MATERIAL FOR THE TASK

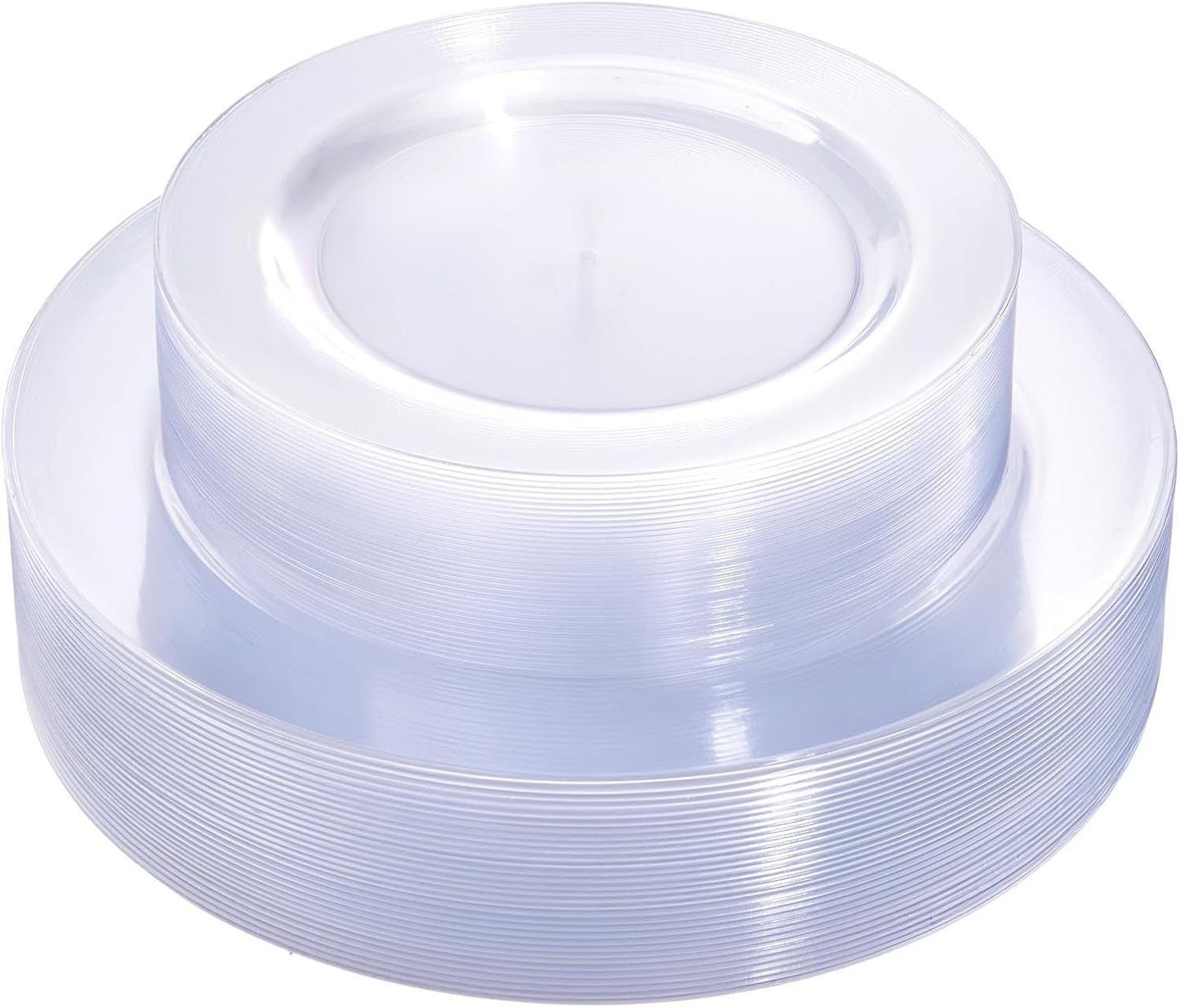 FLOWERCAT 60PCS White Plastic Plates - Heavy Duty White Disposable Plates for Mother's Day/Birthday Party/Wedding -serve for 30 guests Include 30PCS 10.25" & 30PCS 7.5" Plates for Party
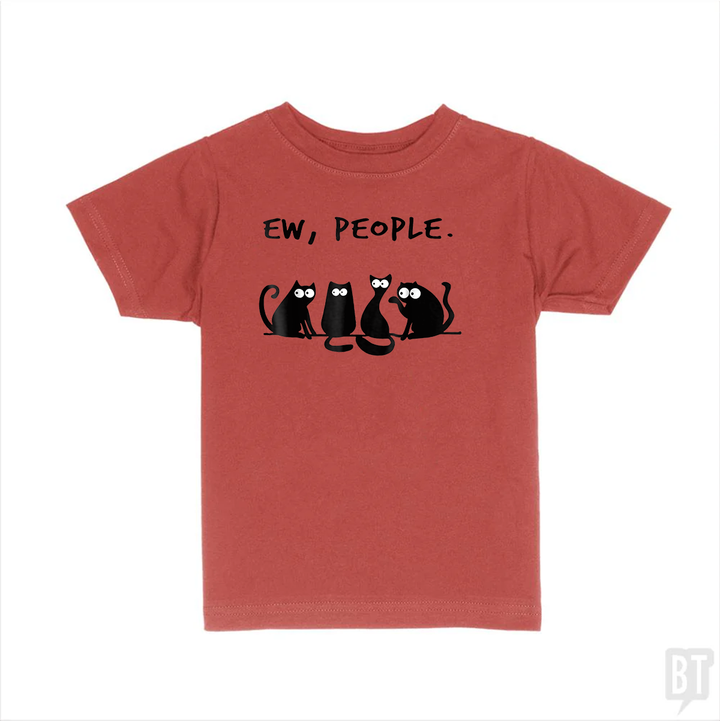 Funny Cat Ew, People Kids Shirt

---

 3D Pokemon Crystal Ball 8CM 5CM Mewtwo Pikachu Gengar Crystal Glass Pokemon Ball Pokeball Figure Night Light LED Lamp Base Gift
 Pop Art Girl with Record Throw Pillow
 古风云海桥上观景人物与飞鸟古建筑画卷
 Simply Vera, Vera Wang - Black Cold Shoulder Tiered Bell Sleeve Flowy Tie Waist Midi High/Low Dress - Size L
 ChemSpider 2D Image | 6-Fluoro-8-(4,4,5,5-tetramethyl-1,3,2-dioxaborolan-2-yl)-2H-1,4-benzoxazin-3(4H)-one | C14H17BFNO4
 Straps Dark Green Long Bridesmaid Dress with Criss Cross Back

...

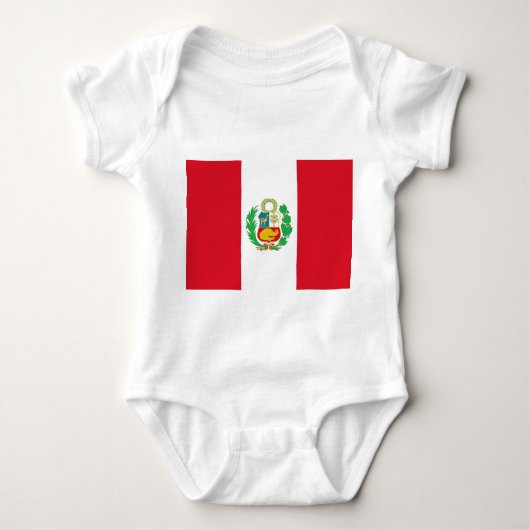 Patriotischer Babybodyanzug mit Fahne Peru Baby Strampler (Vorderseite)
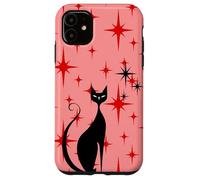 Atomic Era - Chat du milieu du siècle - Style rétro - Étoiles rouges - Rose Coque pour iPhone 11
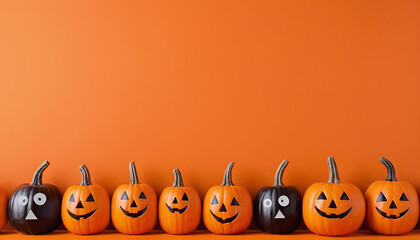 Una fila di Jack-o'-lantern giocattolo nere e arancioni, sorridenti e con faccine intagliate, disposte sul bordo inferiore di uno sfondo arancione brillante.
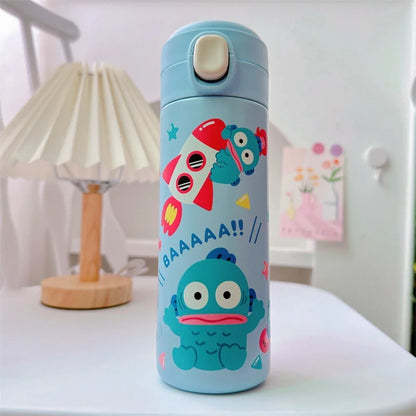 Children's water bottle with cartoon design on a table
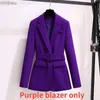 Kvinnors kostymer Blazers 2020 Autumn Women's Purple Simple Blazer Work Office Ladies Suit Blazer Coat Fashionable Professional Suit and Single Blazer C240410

WORK INSTRUCTION
What you give back must be the stretch above, starting at the line with "Simply Vera, Vera" and ending at the line with "Straps Dark Green", copied exactly.

REPLY
 Simply Vera, Vera Wang - Black Cold Shoulder Tiered Bell Sleeve Flowy Tie Waist Midi High/Low Dress - Size L
 ChemSpider 2D Image | 6-Fluoro-8-(4,4,5,5-tetramethyl-1,3,2-dioxaborolan-2-yl)-2H-1,4-benzoxazin-3(4H)-one | C14H17BFNO4
 Straps Dark Green Long Bridesmaid Dress with Criss Cross Back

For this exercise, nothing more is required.